*** Records to process ***
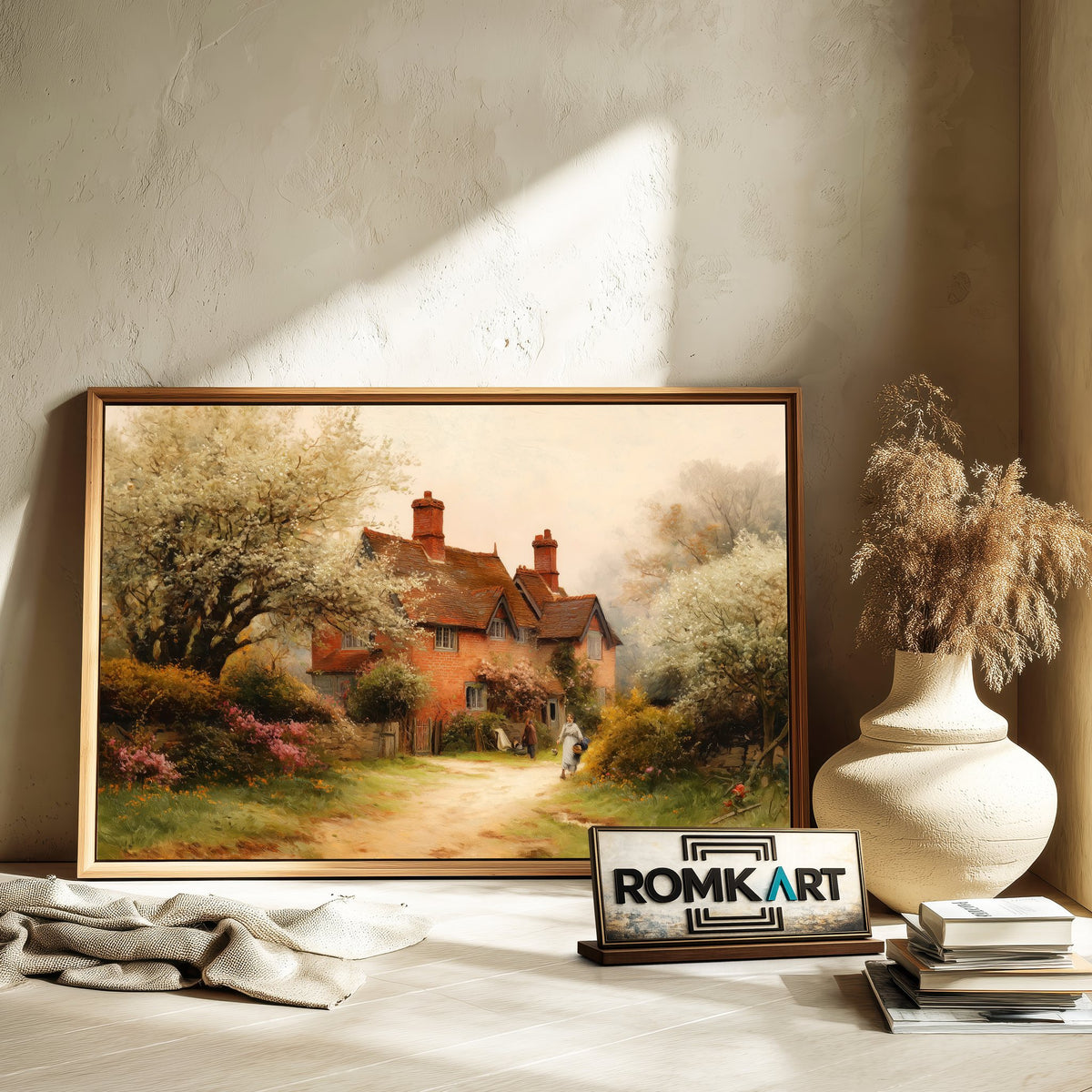 English Countryside Cottage Oil Painting - image 6
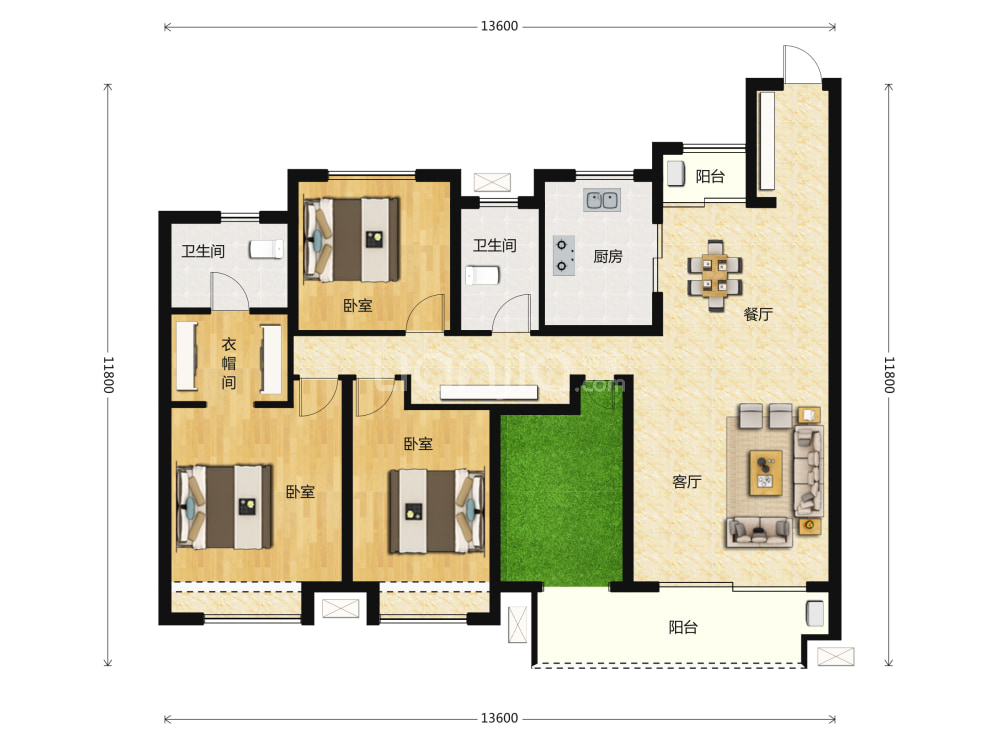 【中海阅麓山_吐鲁番中海阅麓山楼盘】零居室户型图|4室2厅1厨2卫建面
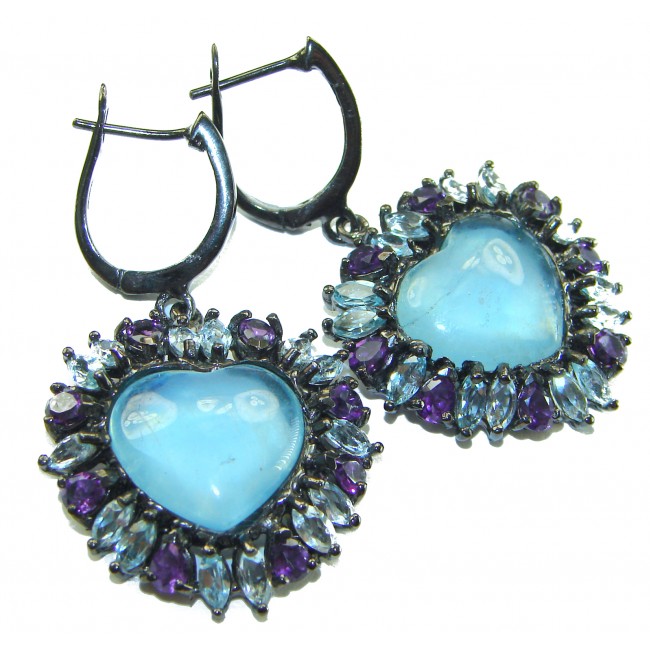 A Heritage in Bloom 12.5 carat Aquamarine black rhodium over .925 Sterling Silver handmade Large Statement Earrings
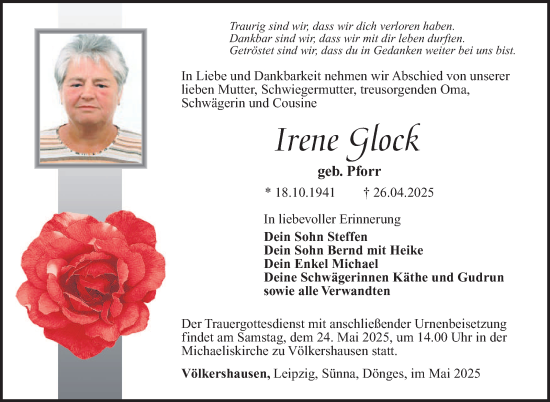 Traueranzeige von Irene Glock von Südthüringer Presse
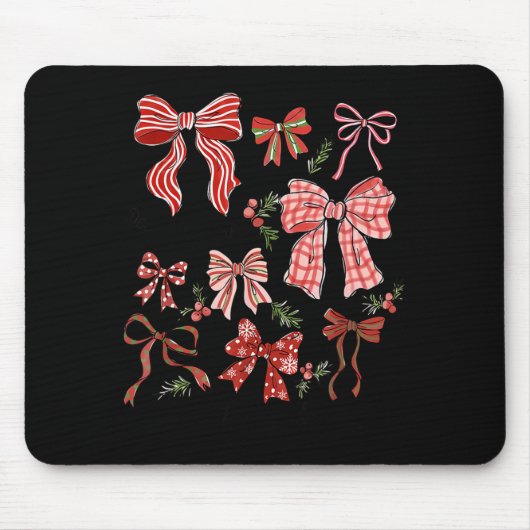 Preppy Coquette Bow Deck The Halls With Bows And H Mousepad (Vorne)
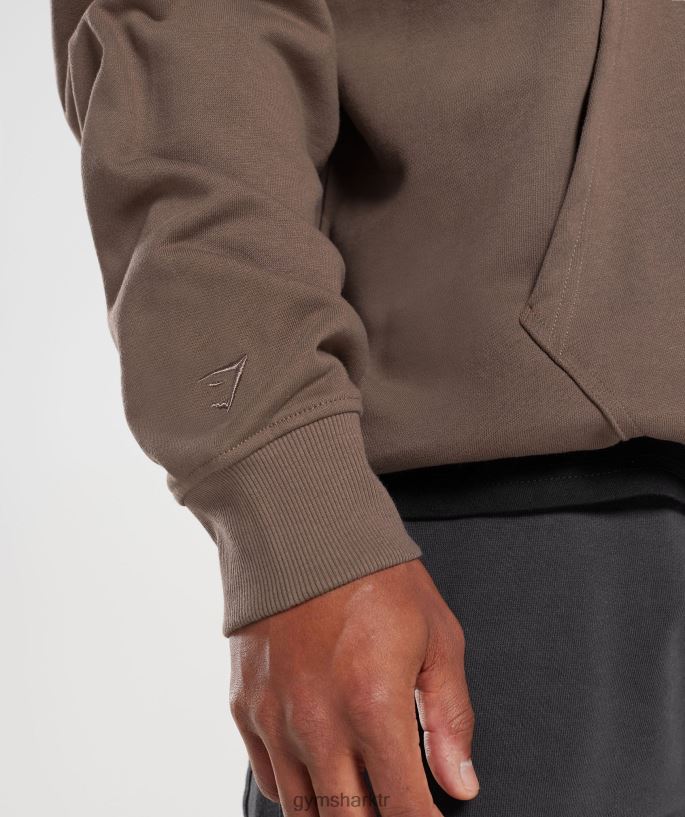 dinlenme günü essentials kapşonlu 8H4J02876 Gymshark Giyim erkekler trüf kahvesi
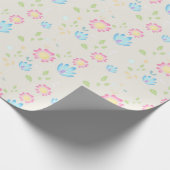 Schattige Spring Flowers ontwerp Cadeaupapier (Hoek)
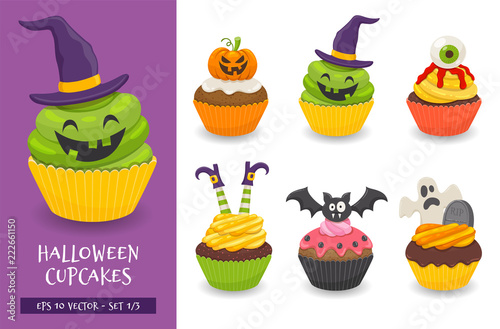 Halloween cupcake set. Cute scary desserts, perfect for party invitations. Vector illustration isolated on a white background. Set 1 of 3.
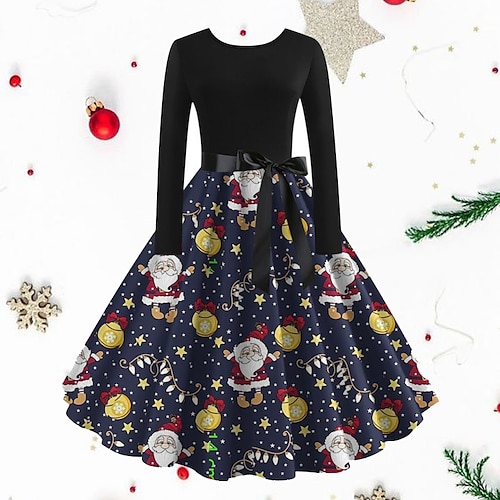 

Women's Christmas Vintage Dress Knee Length Dress Green Black Dark Blue Red Long Sleeve Geometric Tree Print Print Fall Winter Crew Neck Vintage Elegant 2022 S M L XL XXL 3XL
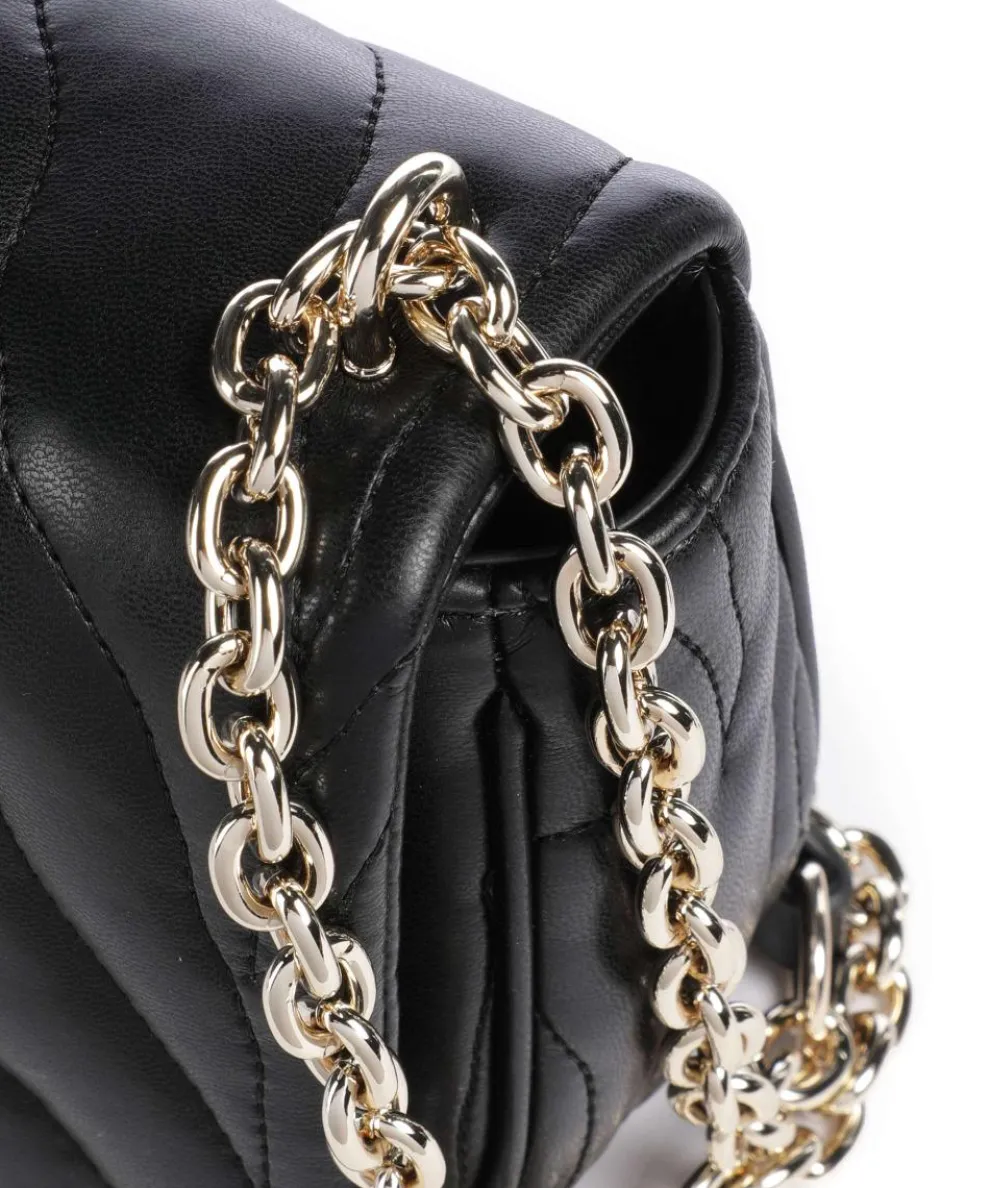 Quilted Zebra Shoulder bag imitation leather black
*** End of Records to process ***
_What the task requires_: What the answer must hold: all the data above, given again exactly, without pictures.

_Output below_:
 English Countryside Cottage Oil Painting - image 6
 【中海阅麓山_吐鲁番中海阅麓山楼盘】零居室户型图|4室2厅1厨2卫建面
 A Heritage in Bloom 12.5 carat Aquamarine black rhodium over .925 Sterling Silver handmade Large Statement Earrings
 Traueranzeige von Irene Glock von Südthüringer Presse
 Preppy Coquette Bow Deck The Halls With Bows And H Mousepad (Vorne)
 dinlenme günü essentials kapşonlu 8H4J02876 Gymshark Giyim erkekler trüf kahvesi
 Schattige Spring Flowers ontwerp Cadeaupapier (Hoek)
 Halloween cupcake set. Cute scary desserts, perfect for party invitations. Vector illustration isolated on a white background. Set 1 of 3.

Women's Christmas Vintage Dress Knee Length Dress Green Black Dark Blue Red Long Sleeve Geometric Tree Print Print Fall Winter Crew Neck Vintage Elegant 2022 S M L XL XXL 3XL
 Quilted Zebra Shoulder bag imitation leather black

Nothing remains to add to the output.